## What to do
Omit all pictures and transcribe only the lines in the entries below that run from the line with "2016 Ford Escape SE photo 1" through the line with "8442 NE 141st Street Kirkland WA 98034".

---------- Records for this task ----------

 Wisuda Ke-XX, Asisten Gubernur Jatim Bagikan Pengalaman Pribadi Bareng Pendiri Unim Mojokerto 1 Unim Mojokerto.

----------
---------- Records for this task ----------

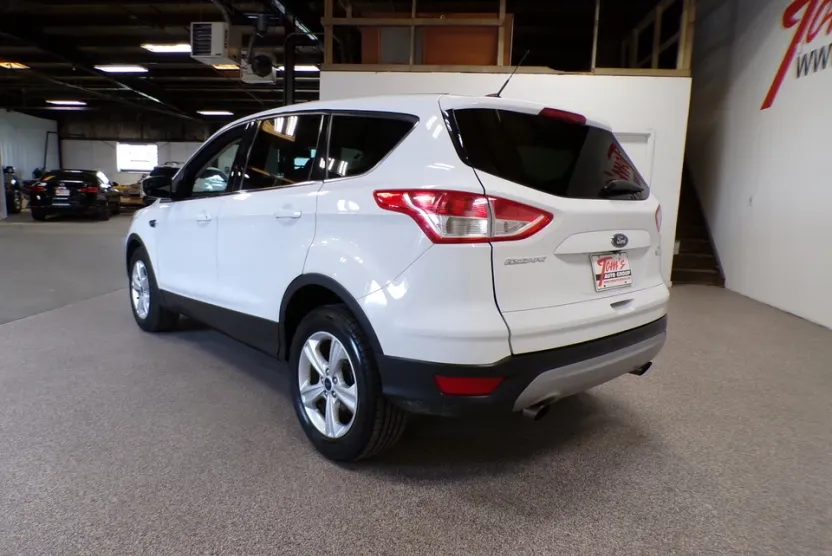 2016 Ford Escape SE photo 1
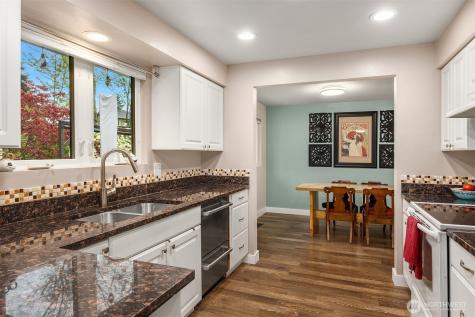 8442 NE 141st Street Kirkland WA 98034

----------

## Solution to this exercise
 2016 Ford Escape SE photo 1
 8442 NE 141st Street Kirkland WA 98034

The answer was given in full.